On Dec. 5, 1848, President James K. Polk set off what became the gold rush of 1849 by confirming that gold had, indeed, been discovered in California.
One of the interesting aspects of the gold rush is the spontaneous communities that it created. So many people moved so fast, that communities formed, were self-organized, and sometimes disbanded before the normal services of government had chance to get established.
Nevertheless, human nature being what it is, miners misbehaved, “crimes” were committed, and “justice” needed to be meted out.
To solve the problem of policing without any police, courts, or even jails, miners established their own judicial systems, based on the consent of the “governed”, out of a kind of temporary Lockean state of nature.

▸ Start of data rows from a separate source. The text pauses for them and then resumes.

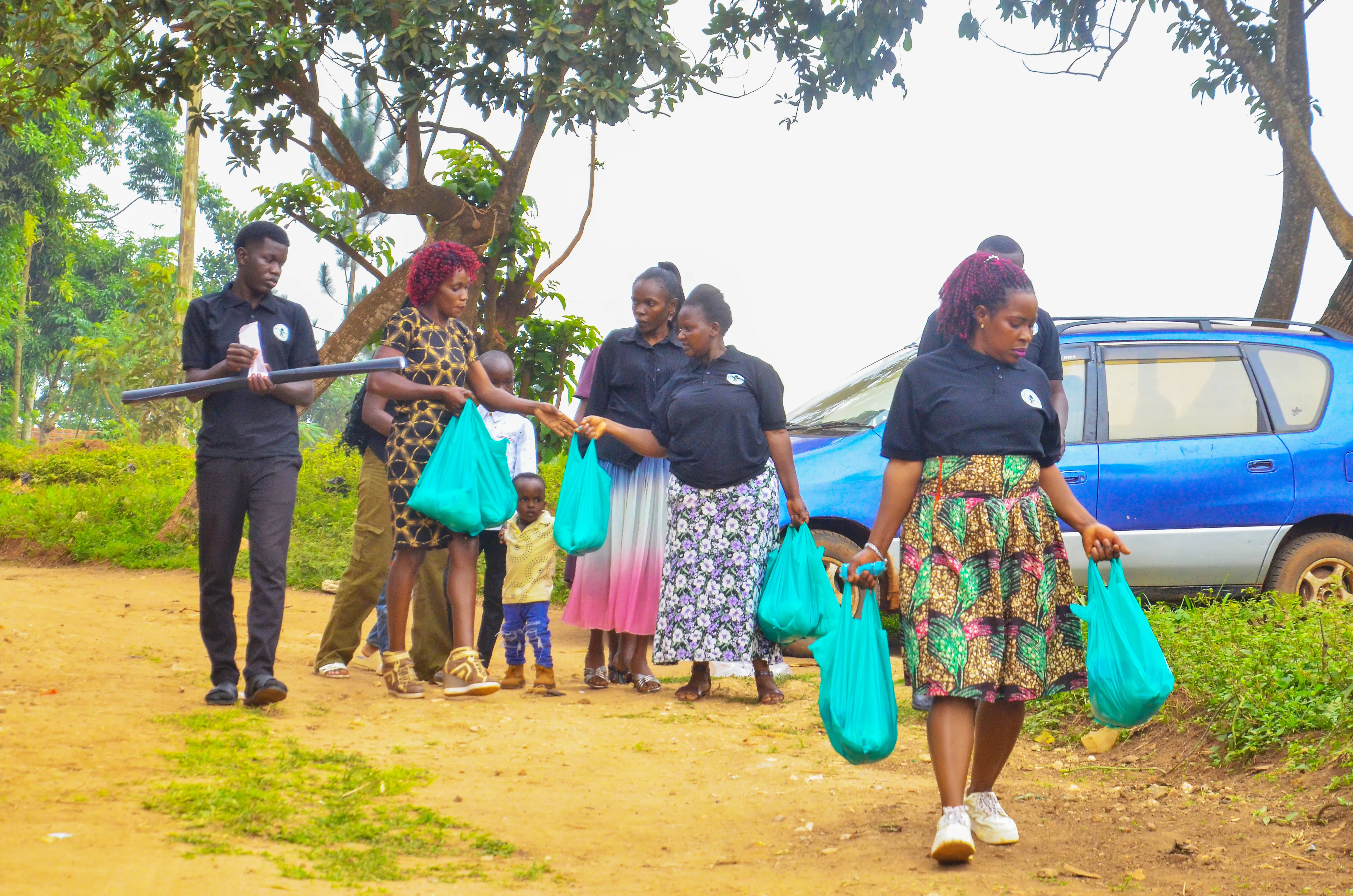 Foundation volunteers walking into a village carrying food parcels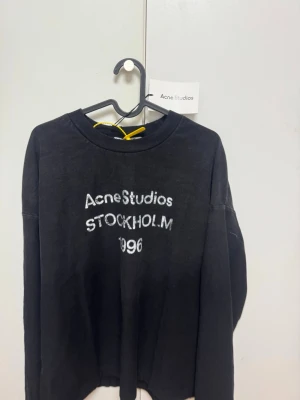 Acne Studios tröja - Cool svart långärmad topp från Acne Studios med vit text 'Acne Studios STOCKHOLM 1996' på bröstet. Klassisk rund halsringning och relaxed fit. Perfekt till jeans eller kjol för en avslappnad look. Storlek Medium etiket finns kvar. Säljs för 1200 men priset går att diskutera.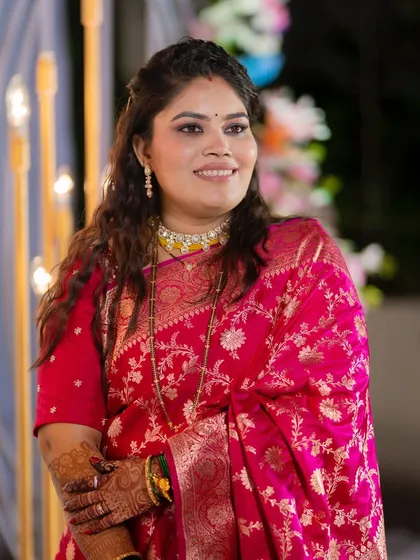 Another beautiful shot of the bride at her reception. The lighting highlights the dewy finish of her makeup.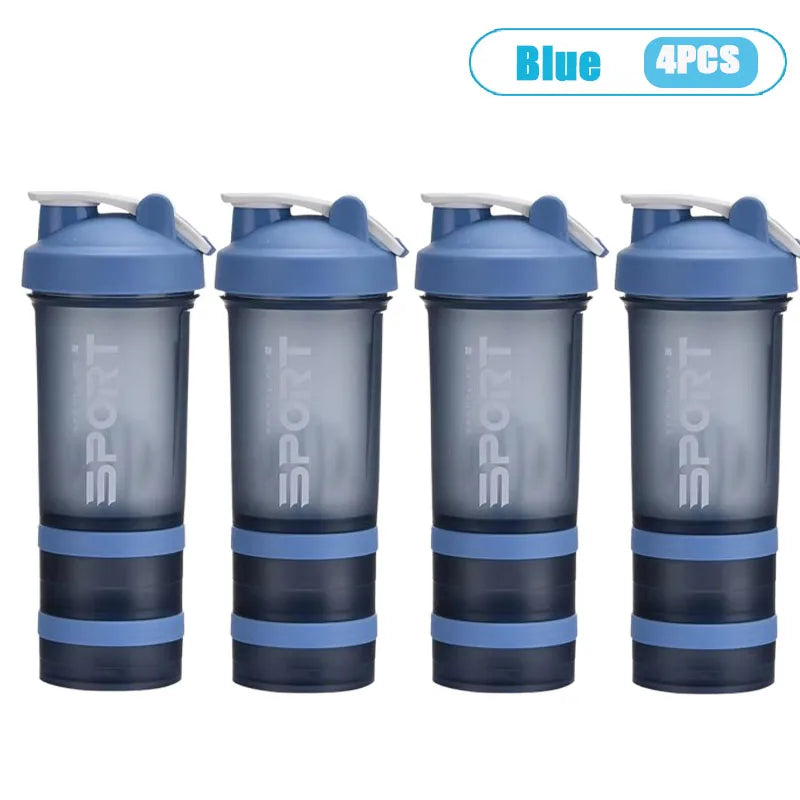 Four blue sports shaker bottles with handles and lids are displayed side by side.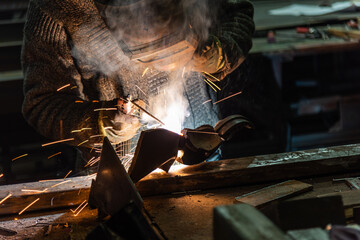 Welding process in the industrial workshop by worker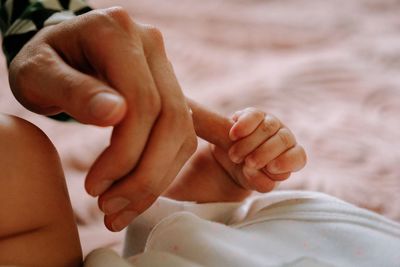 Close-up of baby hand holding mother's finger 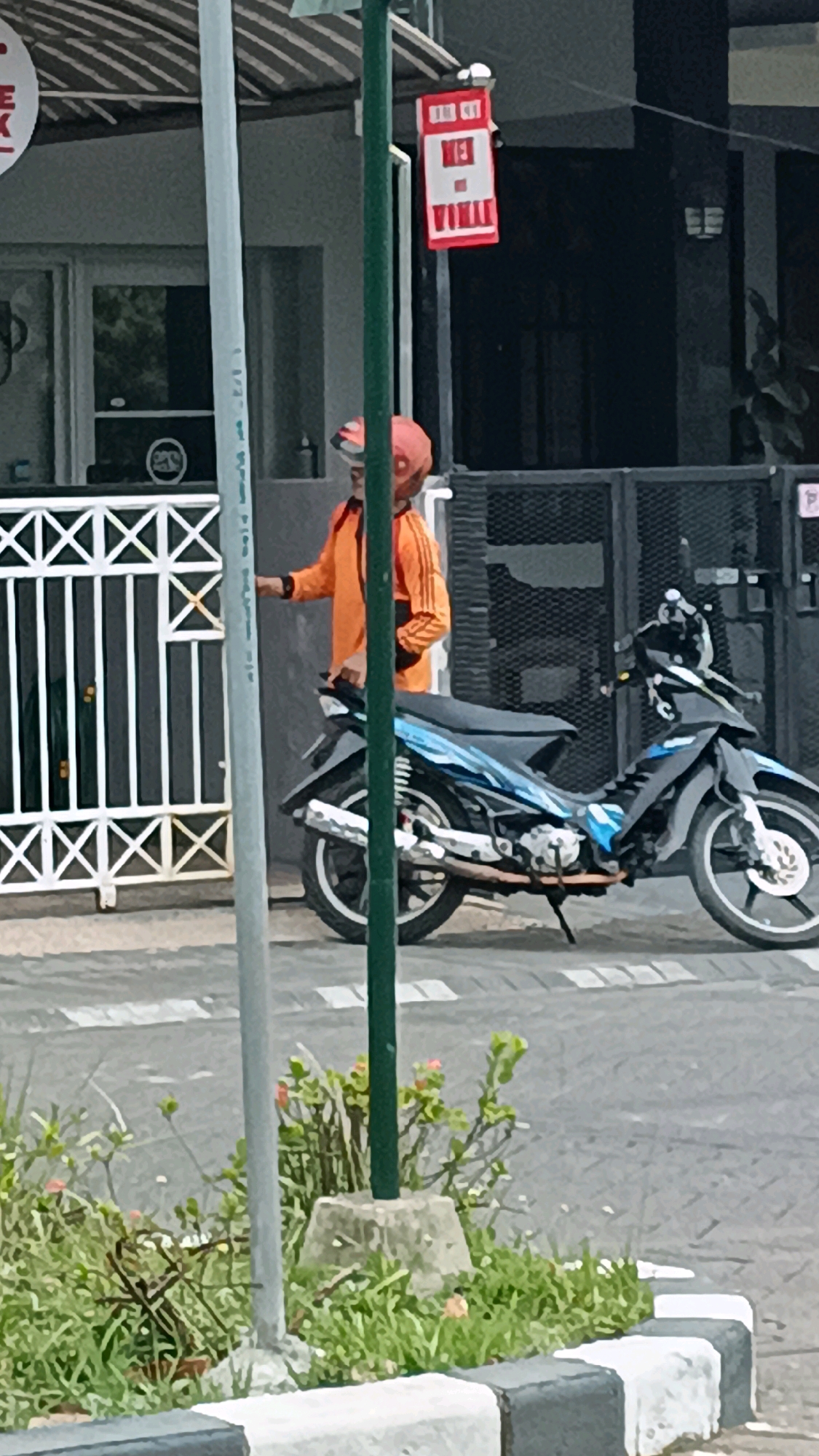 In Surabaya, Indonesia, a person wearing an orange jacket and an orange helmet is standing next to a black and blue motorcycle. The person is facing away from the camera and appears to be holding onto a white fence. The motorcycle is parked on a paved street. Behind the person and motorcycle, there is a dark-colored fence and a building. A red and white sign with text is hanging from a pole to the right of the person. In the foreground, there is a sidewalk with grass and some small plants.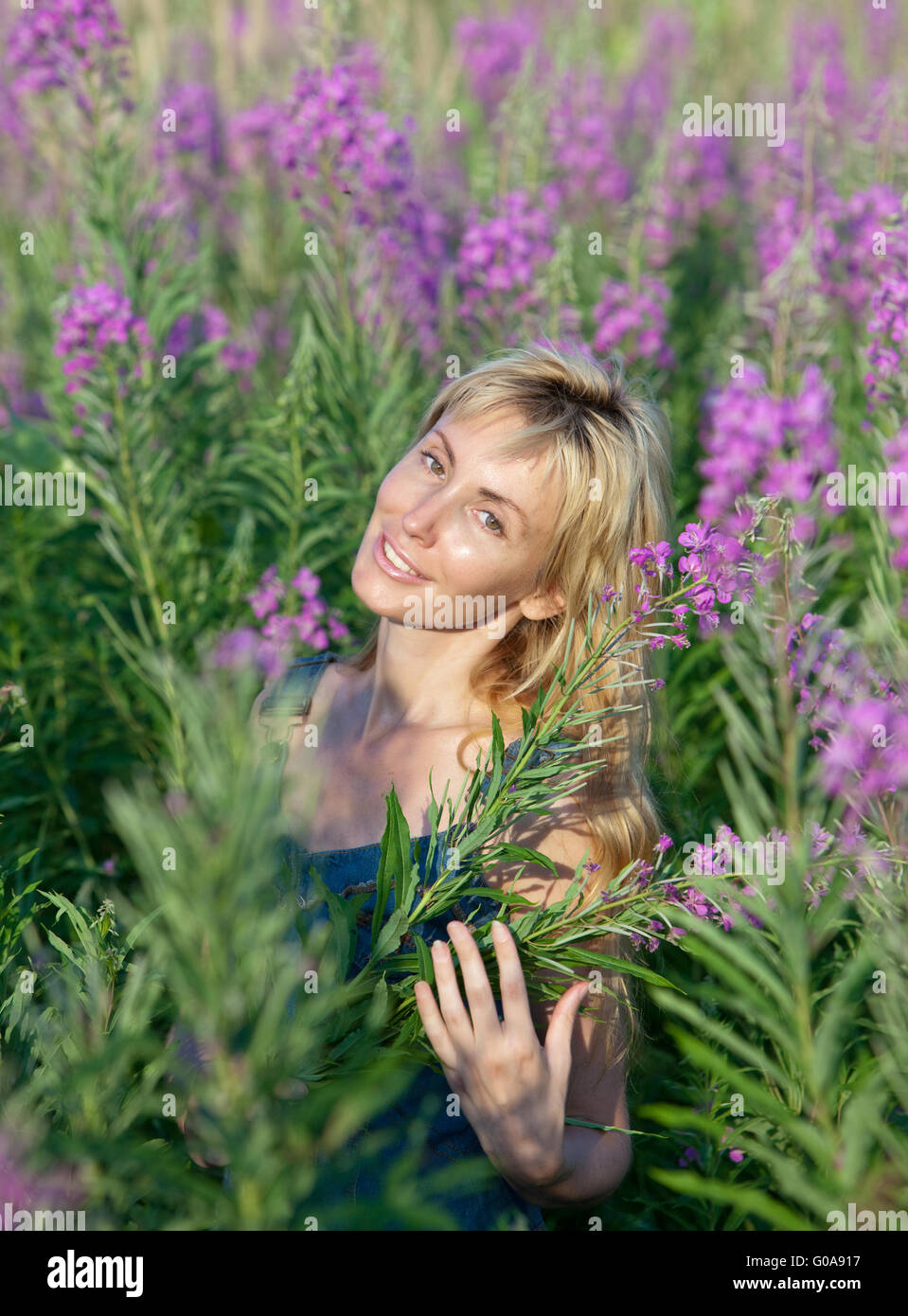 Portrait of the happy young woman in flowers bloom Stock Photo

The courts had several peculiarities, arising in a common law sort of way. For instance, since miners worked hard all week, but enforced a ban on working on Sundays among themselves, all trials started and ended on Sunday.
Since no one had time to act as a jailer (come Monday, they all rushed back to their claims), jail-time was not an options. Courts had three choices of verdict: a fine, exile (with death being the penalty for returning), the death penalty, and acquittal. Surprisingly, there was a high acquittal rate. The miners seemed to take their jury duty seriously, weighted the evidence, and rendered justice – all without a government to guide them.
- What are the possible benefits of a system of “spontaneous” justice as described above?
- Do you think such miner communities met the definition of self-determination? Would you consider their verdicts “just” – even though they did not arise from a “legitimate” governmental mandate?
- What downsides can you imagine? Assuming the process was sometimes abused, what do you think the main forms of abuse would have been?